§ Source data
▼

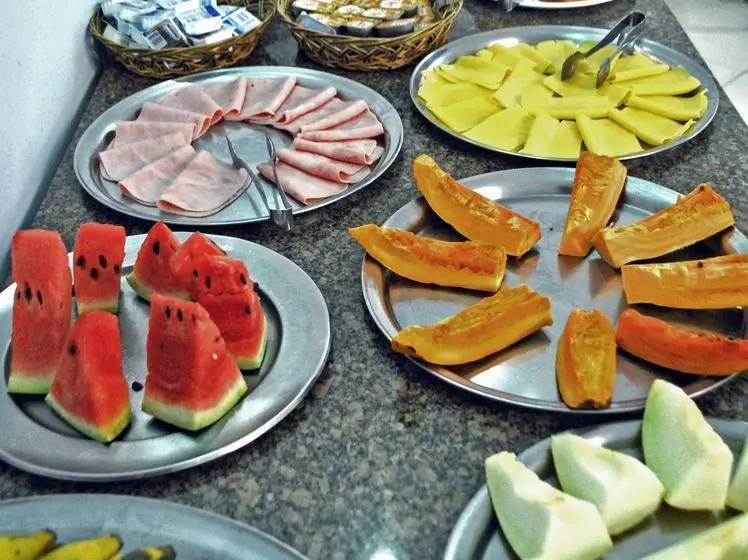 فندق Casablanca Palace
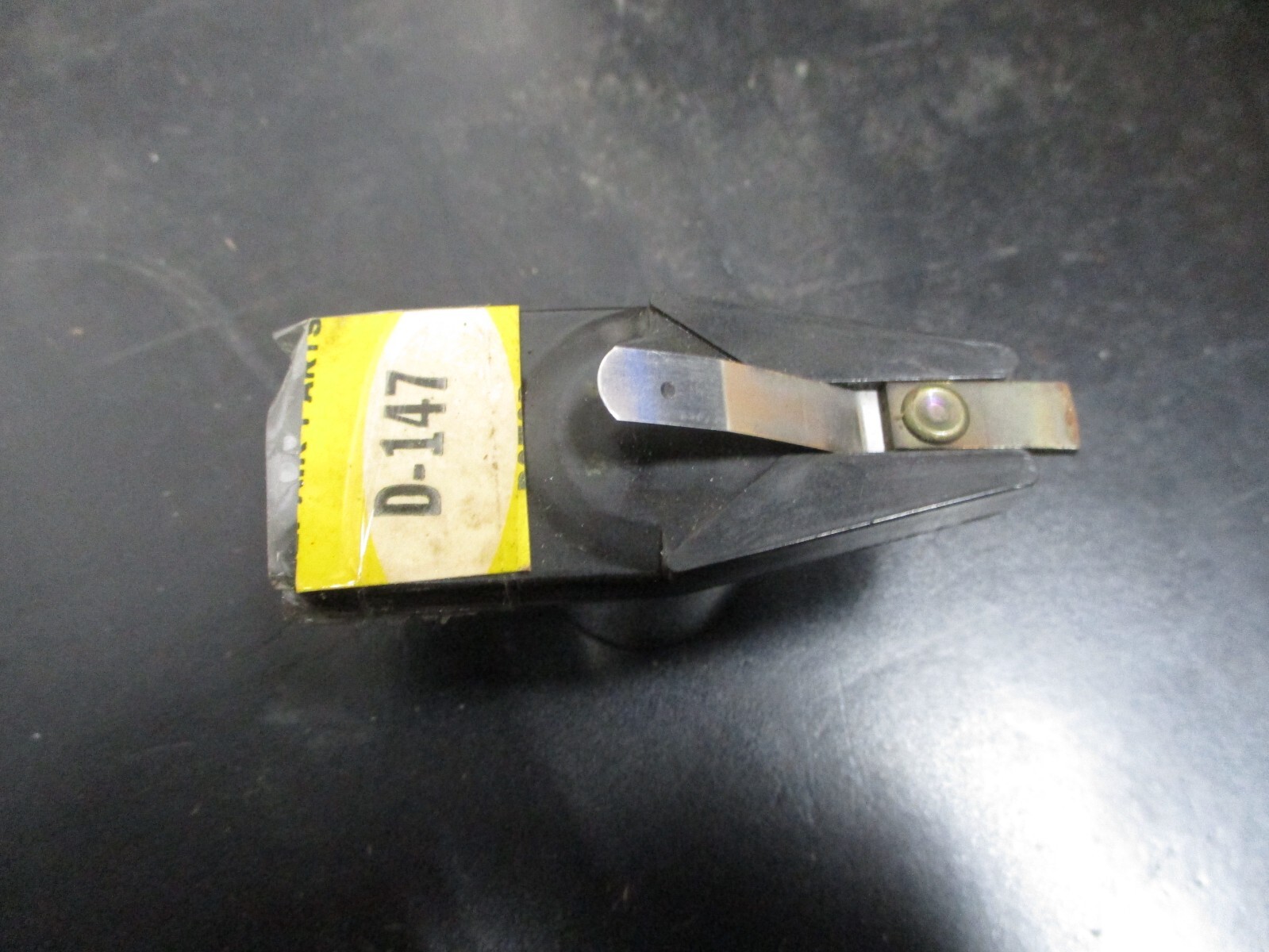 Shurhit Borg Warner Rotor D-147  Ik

▲
▼

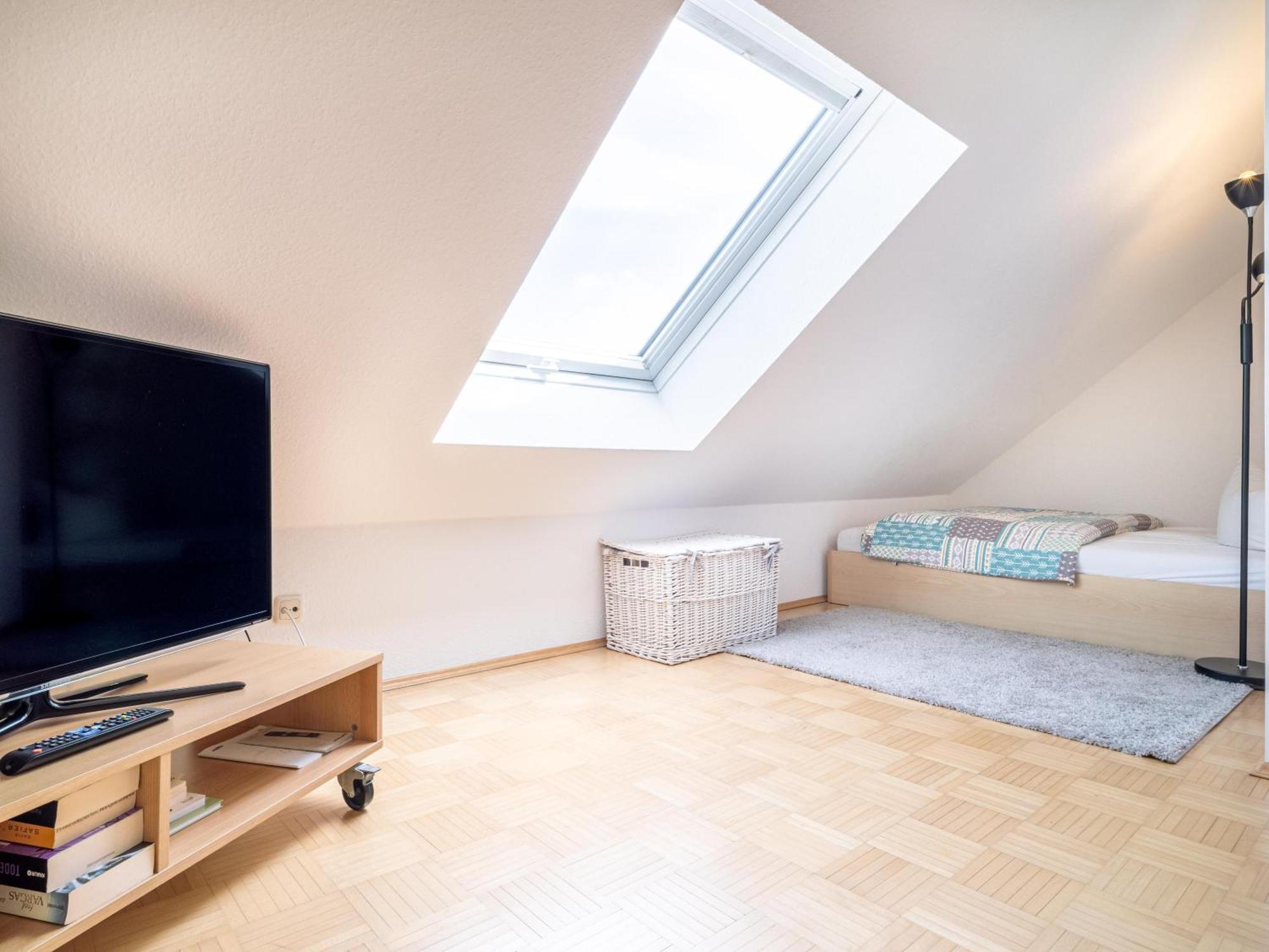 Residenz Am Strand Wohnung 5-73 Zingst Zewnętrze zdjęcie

▲

§ About this exercise
Above are the records; return the lines in them from the one with "فندق Casablanca Palace" to the one with "Shurhit Borg Warner", inclusive, exactly and without images.

§ Your response
 فندق Casablanca Palace
 Shurhit Borg Warner Rotor D-147  Ik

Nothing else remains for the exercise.